Ryu yang mendengar undangan Zalan, hanya tertawa kecil. Entah mengapa dirinya merasa bahwa Zalan sangatlah lucu. Mengundang dirinya? Jangan terlalu berharap karena Ryu ialah Naga dan seekor Naga ialah Raja dari puncak para monster.
(Note : Maksud dari Naga tuh, arti dari nama Ryu sendiri.)
Zalan yang melihat Ryu terkekeh, dia tidak bisa untuk tidak menghitam. Zalan merasa direndahkan oleh Ryu, entah mengapa dia menghilangkan pikirannya untuk mengajak Ryu ke dalam organisasi. Baginya, tawaran yang telah ditolak begitu memalukan, hanya ada satu tindakan yang pantas, tindakan itu ialah membunuh orang tersebut.
“Kau membuatku marah, Nak. Maka terimalah hukuman kematianmu!” Zalan menghilang dalam sekejap, Ryu berhenti main-main sekarang. Hal ini karena lawannya ialah sosok bos dari organisasi yang paling misterius.
Ryu memasuki mode waspadanya. Namun, berikutnya dia merasakan angin yang bergerak kasar di tubuh bagian kanannya.
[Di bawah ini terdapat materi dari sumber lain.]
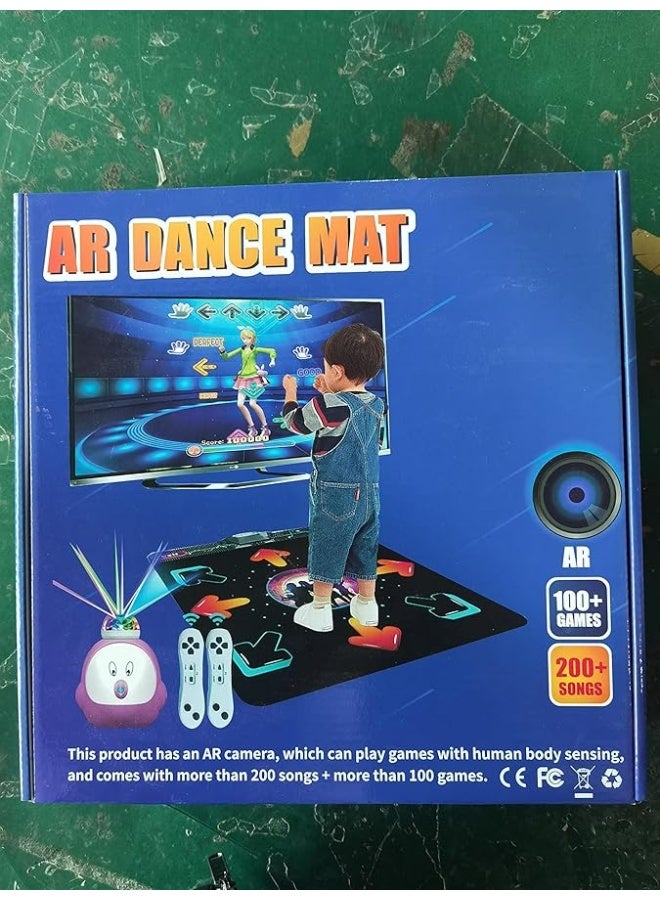 Dance Mat for Kids and Adults, Musical Electronic Dance Step Pad with 100+ Games, 200+Songs, HD Camera, 2 Motion Sensor Controllers, MTV & Cartoon Modes, Toy Gift for Girls& Boys Age 3+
Hal ini, membuat Ryu melakukan backflip ke belakang menghindari angin tersebut.
Ryu kemudian mengaktifkan mata malamnya dan melihat sosok bayangan yang tengah bergerak cepat ke arahnya. Tepat saat Ryu menstabilkan tubuhnya, dia melihat bayangan tersebut melancarkan serangan tepat ke arah jantungnya bberada
Bam!
__ADS_1
To be Continued.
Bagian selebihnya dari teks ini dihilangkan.